When you write out the records, keep every word exact and drop the pictures.

[[ Exercise inputs open ]]

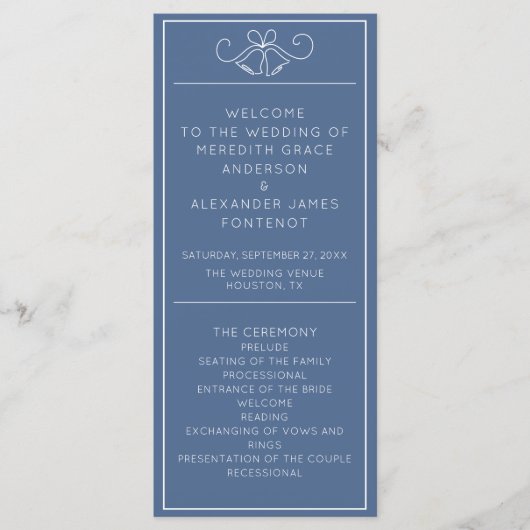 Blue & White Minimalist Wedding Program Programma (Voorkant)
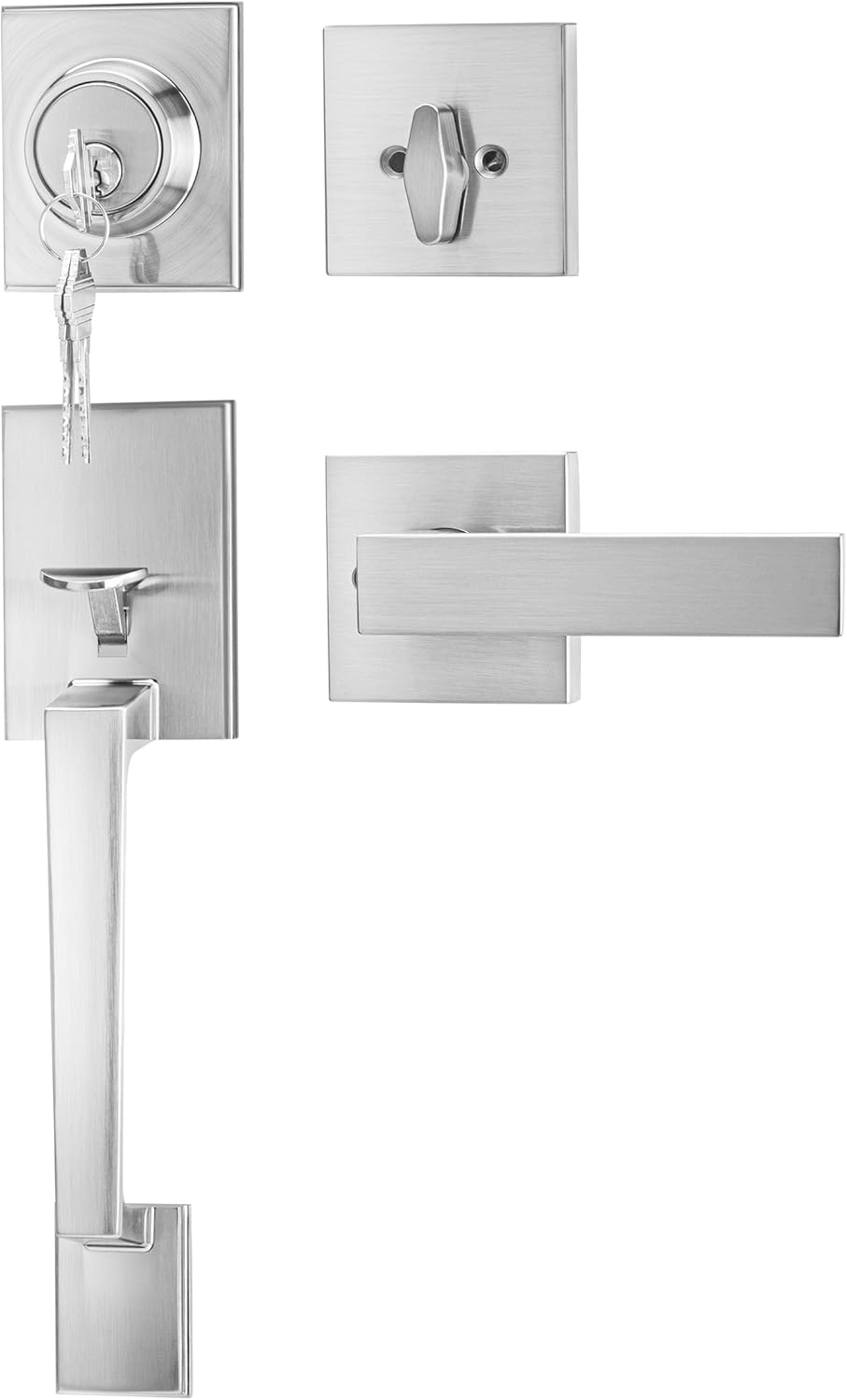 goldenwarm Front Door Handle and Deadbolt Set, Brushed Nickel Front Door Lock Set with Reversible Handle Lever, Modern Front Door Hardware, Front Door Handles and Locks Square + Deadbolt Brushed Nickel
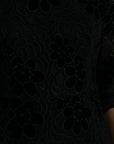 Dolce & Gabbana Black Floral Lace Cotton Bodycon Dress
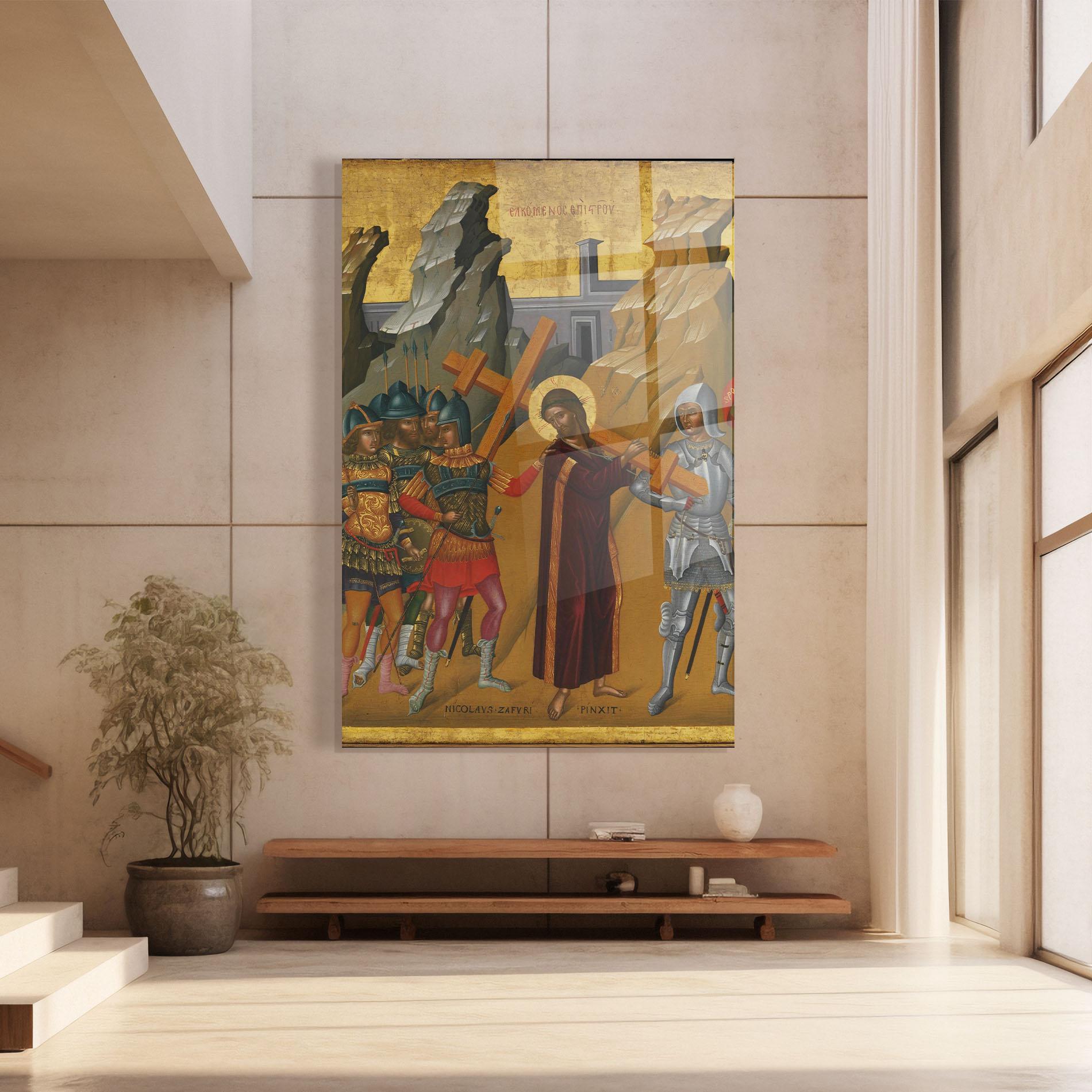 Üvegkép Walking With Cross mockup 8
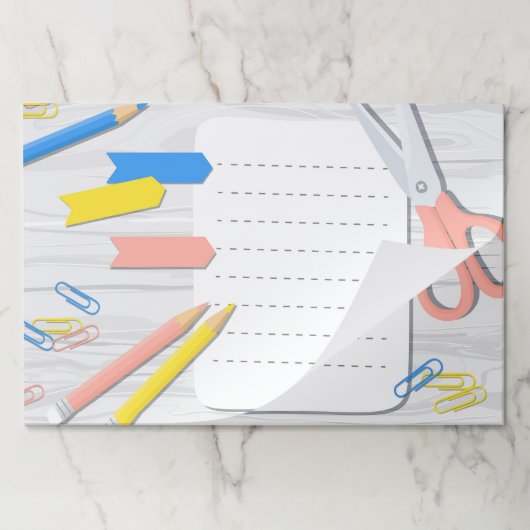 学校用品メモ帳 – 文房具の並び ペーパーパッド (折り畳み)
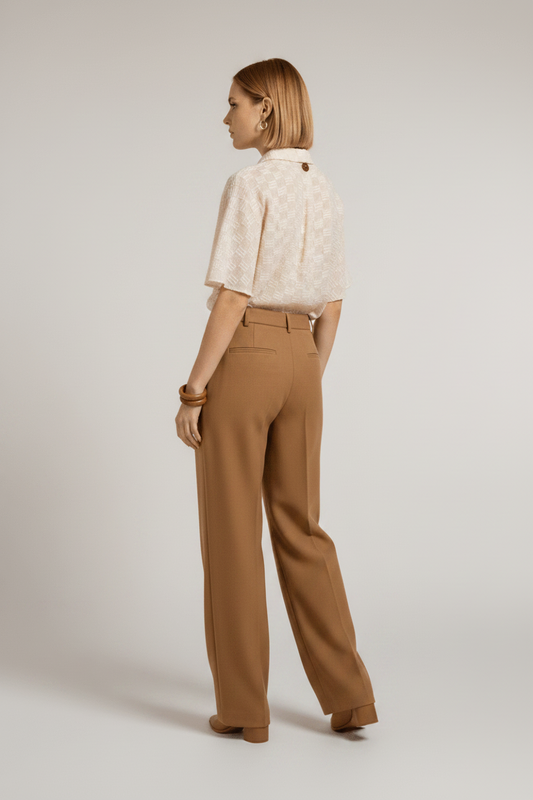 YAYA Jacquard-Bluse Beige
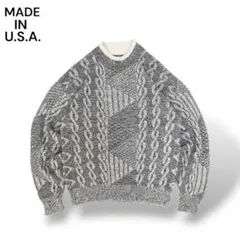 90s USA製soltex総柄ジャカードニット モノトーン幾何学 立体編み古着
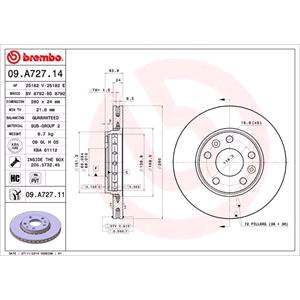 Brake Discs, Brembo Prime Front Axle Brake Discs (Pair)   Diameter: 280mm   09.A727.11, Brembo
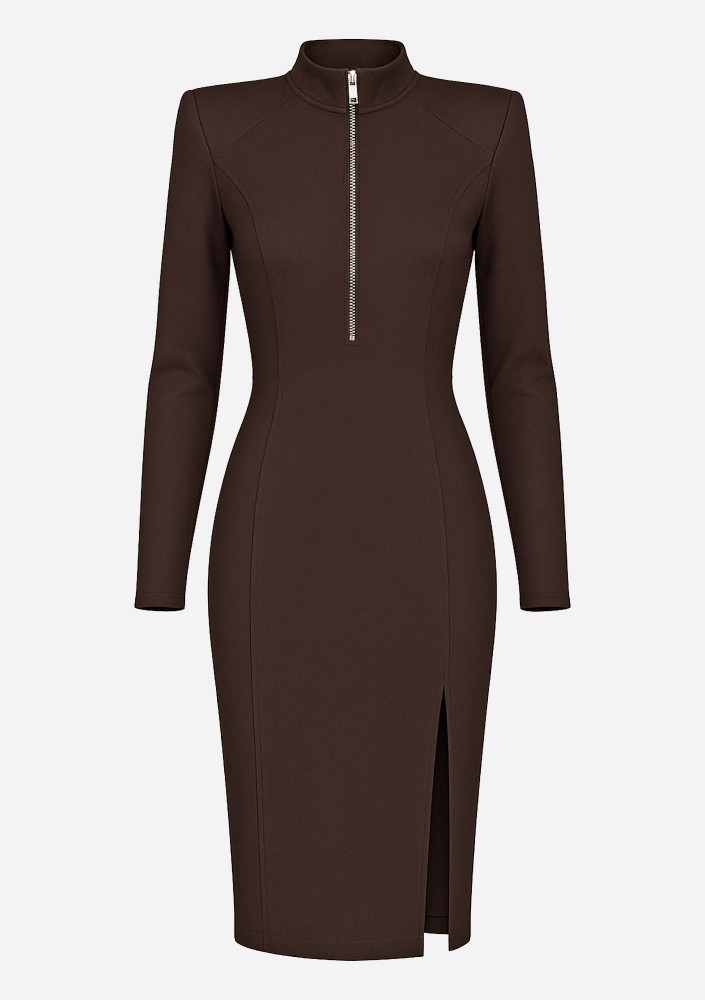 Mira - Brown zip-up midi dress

[[ Exercise inputs closed ]]

■ Solution for this exercise
 Blue & White Minimalist Wedding Program Programma (Voorkant)
 goldenwarm Front Door Handle and Deadbolt Set, Brushed Nickel Front Door Lock Set with Reversible Handle Lever, Modern Front Door Hardware, Front Door Handles and Locks Square + Deadbolt Brushed Nickel
 Dolce & Gabbana Black Floral Lace Cotton Bodycon Dress
 Üvegkép Walking With Cross mockup 8
 学校用品メモ帳 – 文房具の並び ペーパーパッド (折り畳み)
 YAYA Jacquard-Bluse Beige
 90s USA製soltex総柄ジャカードニット モノトーン幾何学 立体編み古着
 Brake Discs, Brembo Prime Front Axle Brake Discs (Pair)   Diameter: 280mm   09.A727.11, Brembo
 Mira - Brown zip-up midi dress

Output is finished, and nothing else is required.